Three Mistakes to Avoid When Rightsizing the Risk in Your Business
Descending is the real climb
Building a business is like climbing a mountain and, while growth is critical to get to the top, it’s equally important for business owners to consider their “descent” from that trek. Yet, 4 in 10 advisors surveyed in Key Private Bank’s Quarterly Advisor Poll, say very few or none of their new business owner clients have thought through the wealth implications of their business succession strategies. In fact, nearly half (48%) say business owners have unrealistic assumptions about their company’s valuation.
To maximize wealth in retirement, it’s critical that business owners determine how to increase the value of their companies. Business owners often lose objectivity when estimating the amount of risk in their companies. Rather than taking a risk-reduction approach, they often focus on pursuing a single-minded strategy to grow revenue or reduce costs – a method that can produce challenges when looking to exit the business.
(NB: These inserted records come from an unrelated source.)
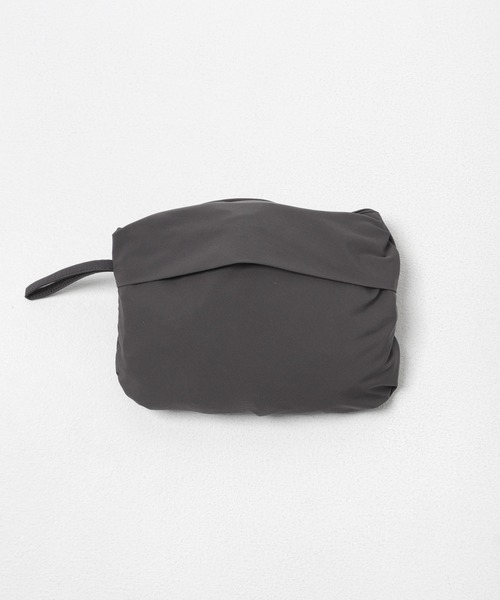 URBAN RESEARCH(アーバンリサーチ)の「『UR TECH MoLight』PACKABLE SHORTS(その他パンツ・メンズ・チャコールグレー/ブラック・MEDIUM/LARGE)」の12枚目の写真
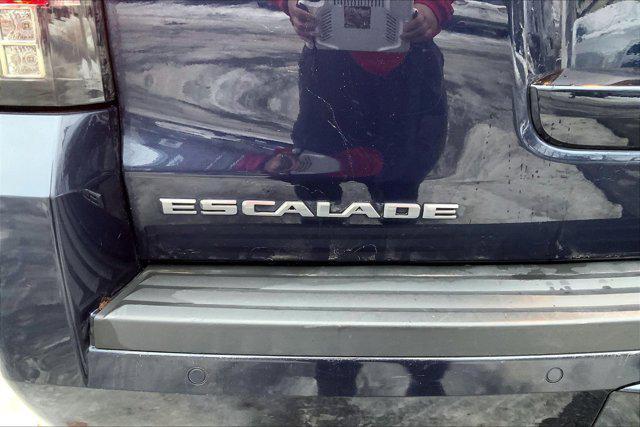 used 2019 Cadillac Escalade ESV car, priced at $25,000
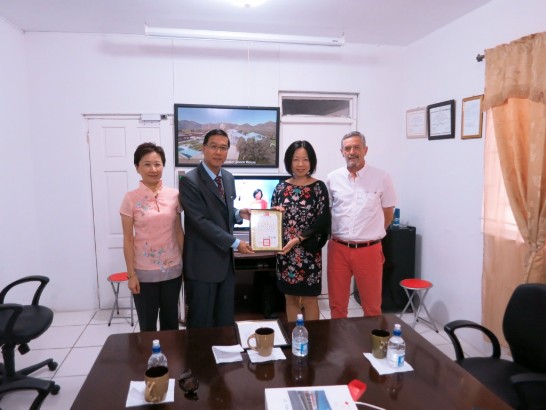 曹大使代表僑務委員會陳委員長士魁致頒彭僑務顧問聘書及賀函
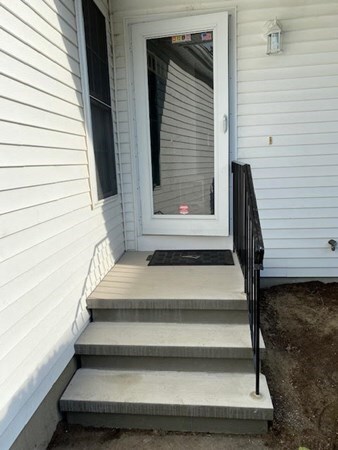 27 Robin Ln, Rockland, MA 02370 - photo 3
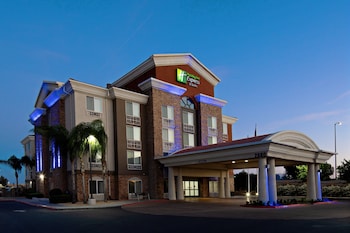 Holiday Inn Express Hotel & Suites Fresno South by IHG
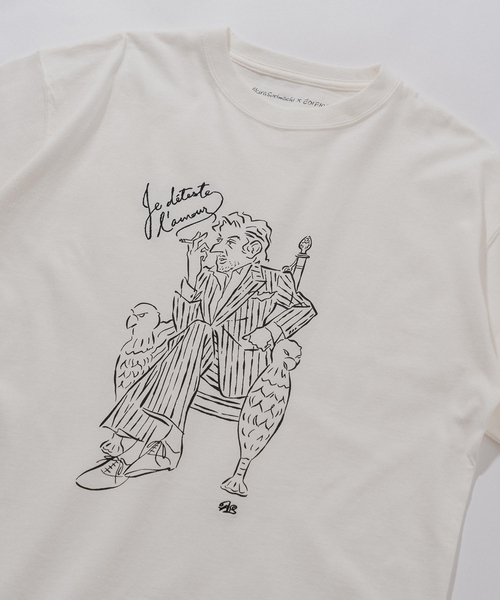 EDIFICE（エディフィス）の「ソリマチアキラ 別注 フレンチ イラストレーション Tシャツ（Tシャツ/カットソー・メンズ・ホワイト/ホワイト×ホワイト/ホワイト系その他・SMALL/MEDIUM/LARGE）」の4枚目の写真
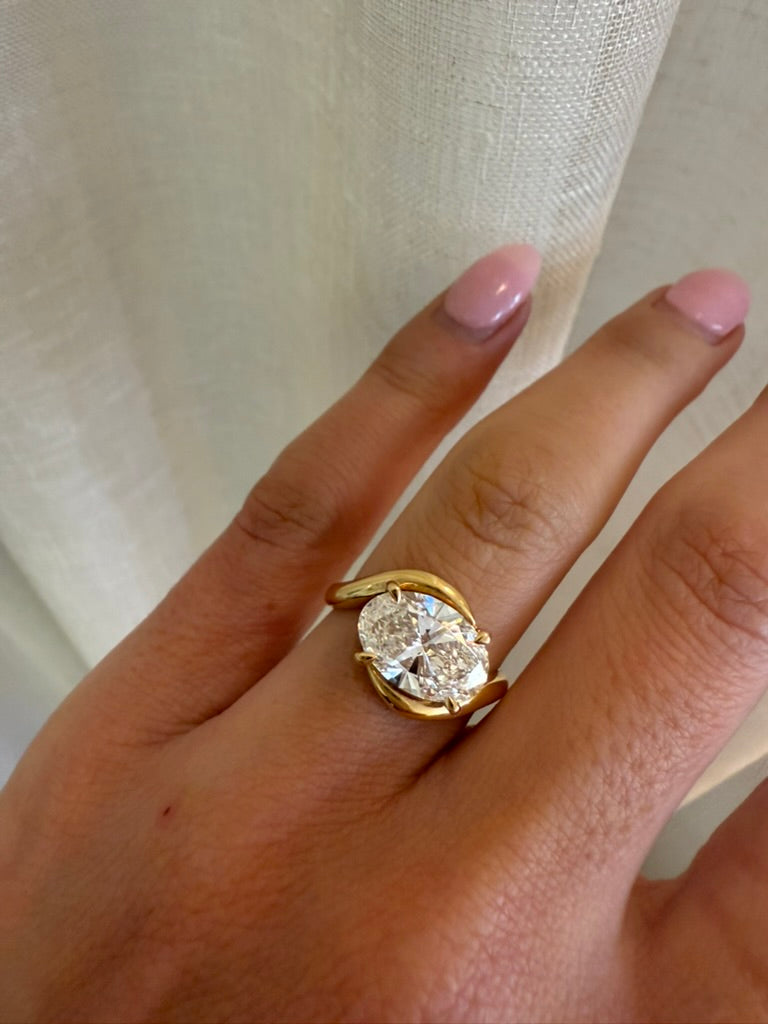 FLOW RING — White Gold / Yellow Gold, Diamond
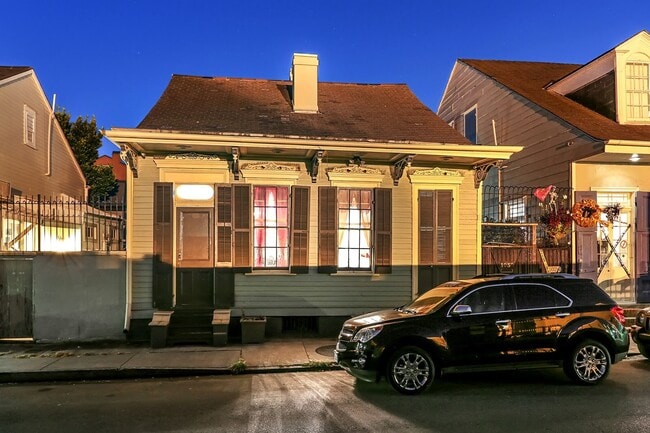 Photo - 1030 Burgundy St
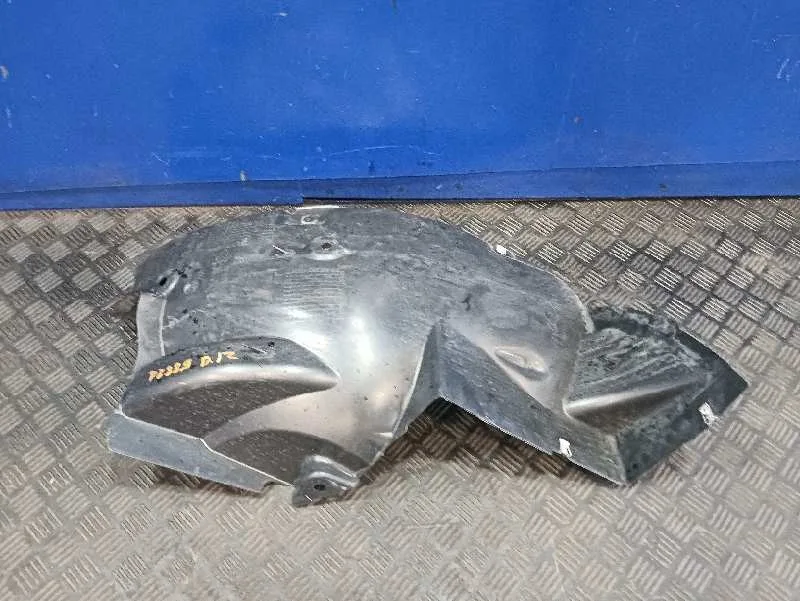 Plastico Paso Rueda Delantero Izquierdo para Nissan Interstar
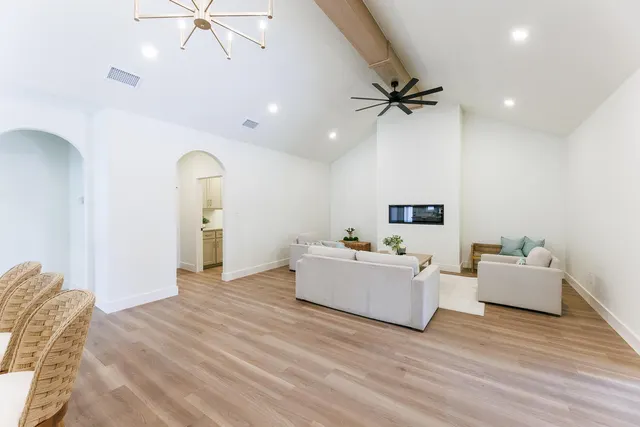 Photo 6 — 4345 N Boston Avenue, Lubbock, TX 79415
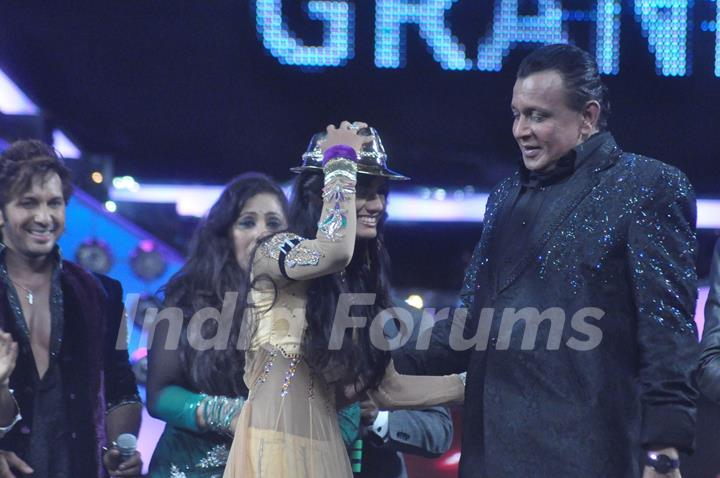 Mithun Chakraborty and Rajasmita Kar at Dance India Dance grand finale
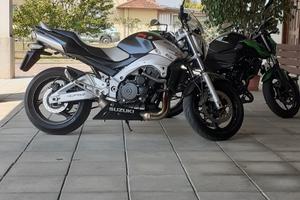 Suzuki GSR 600(EURO 2000 PASSAGGIO INCLUSO)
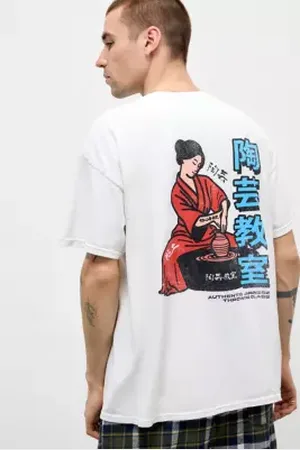 Urban Outfitters UO Asiatic Pottery T-Shirt di in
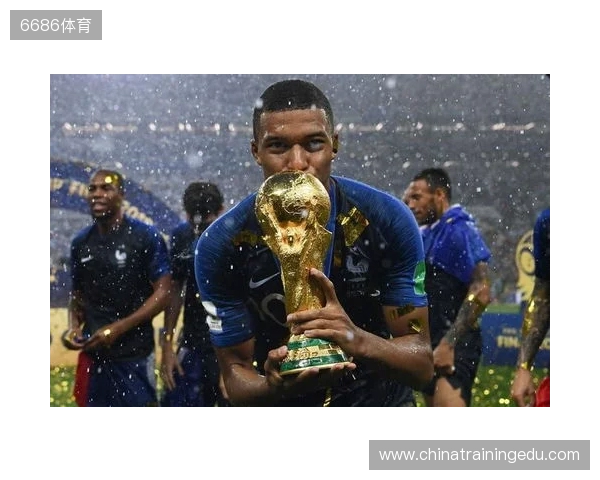 懂球帝2025年10月足坛MVP:姆巴佩蝉联!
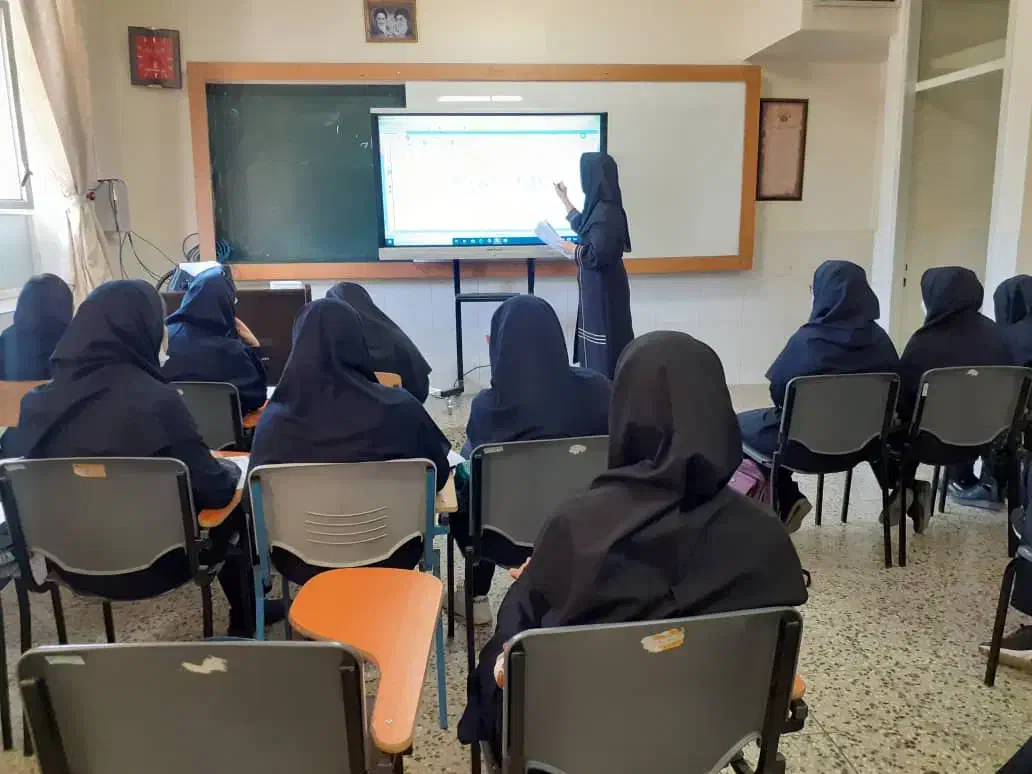 مدرک دیپلم رسمی فنی حرفه ای آموزش پرورش با استعلام|خدمات آموزشی|مشهد, گوهرشاد|دیوار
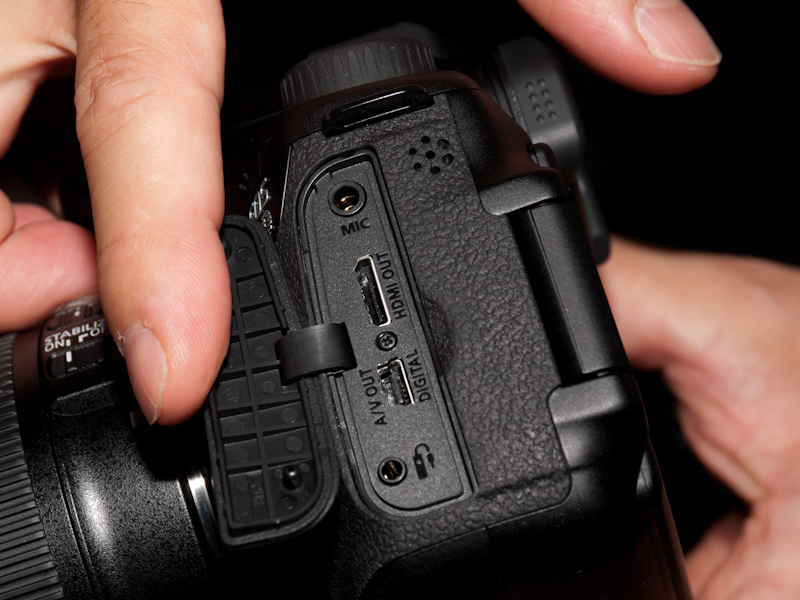 <b>HDMI端子など外部出力端子を側面に備える</b>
Mistake #1 Focusing solely on growing sales
Growing revenue typically starts by investing capital in hiring more employees or opening offices to expand into new segments. But additional sales can place stress on operations and employees, leading to dissatisfied customers. This can cause a ripple effect, resulting in a damaged company reputation and plummeting profit margins. Ultimately, additional sales have the unintended consequence of making revenues and profits riskier – decreasing the company’s overall value and increasing the odds for impacting personal wealth.
- Consumes capital
- Stains organizations
- Damages reputation
- Increases business' risk
Mistake #2 Cutting costs
When a company attempts to grow its value by implementing a cost reduction strategy, three popular actions – streamlining processes, reducing headcount and cutting external spend – are easy to implement and often yield immediate results. Yet, after multiple rounds of cost cutting, the potential for long-term cost savings is limited. Rather than solving cost inefficiencies, which are harder to identify, employees are often the first to get cut. With fewer bodies, however, quality suffers, customer service weakens, and workforce morale deteriorates. Unhappy, overworked employees won’t foster great customer relationships, causing customers to jump ship.
- Quality suffers
- Service weakens
- Morale deteriorates
- Relationships break
Mistake #3 Growth by acquisitions
Sometimes, business owners attempt to “buy” their way to greater value by making acquisitions. Yet this strategy often backfires by raising the risk and lowering the worth of the company. Acquisitions are time-consuming – over half of buyers spend 10 to 20 hours a week for up to a year searching for a suitable prospect. “Deal fever” – in which the buyer invests so much time, energy and emotion into a deal that his or her focus shifts from doing the right deal, to simply getting a deal done – can cause culture clash, expose weaknesses in the business and lead customers and employees to defect.
- Deal fever
- Pressure exposes weaknesses
- Cultures don’t mesh and synergies aren’t realized
- Customers defect
How can business owners avoid these mistakes?
More often than not, business owners emphasize the journey to success but fail to consider the work it takes to wind down. This can carry strong implications, especially since the most common wealth management challenge facing business owners is having most of their personal wealth tied up in the business, say advisors.
With this in mind, it’s important to think carefully about the potential for introducing risk into a business before implementing plans for streamlining costs or rapid growth. Only then will business owners be well-positioned to develop a comprehensive business transition plan to maximize wealth in retirement.